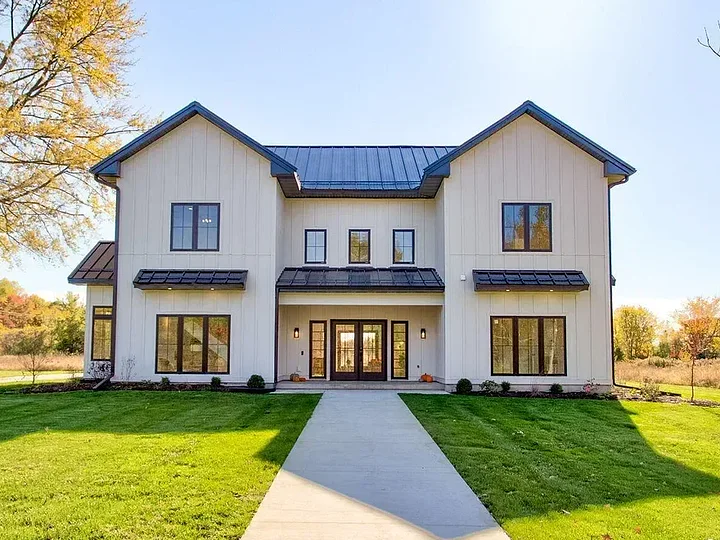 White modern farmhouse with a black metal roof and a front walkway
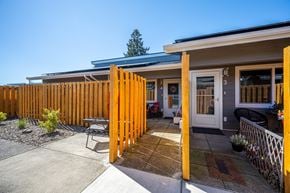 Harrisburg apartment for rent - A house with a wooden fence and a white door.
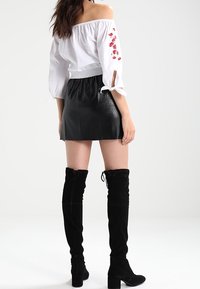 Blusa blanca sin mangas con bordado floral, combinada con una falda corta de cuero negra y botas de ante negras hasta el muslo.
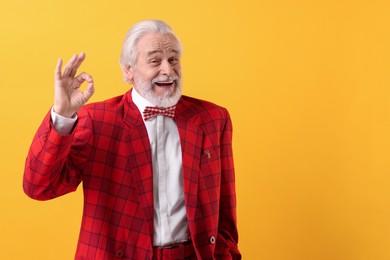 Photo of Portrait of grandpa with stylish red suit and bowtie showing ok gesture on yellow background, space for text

- - - - -

Each line above should be written out again exactly, and no picture should appear in the copy.

▶ [Task result]:
 White modern farmhouse with a black metal roof and a front walkway
 Harrisburg apartment for rent - A house with a wooden fence and a white door.
 Blusa blanca sin mangas con bordado floral, combinada con una falda corta de cuero negra y botas de ante negras hasta el muslo.
 Photo of Portrait of grandpa with stylish red suit and bowtie showing ok gesture on yellow background, space for text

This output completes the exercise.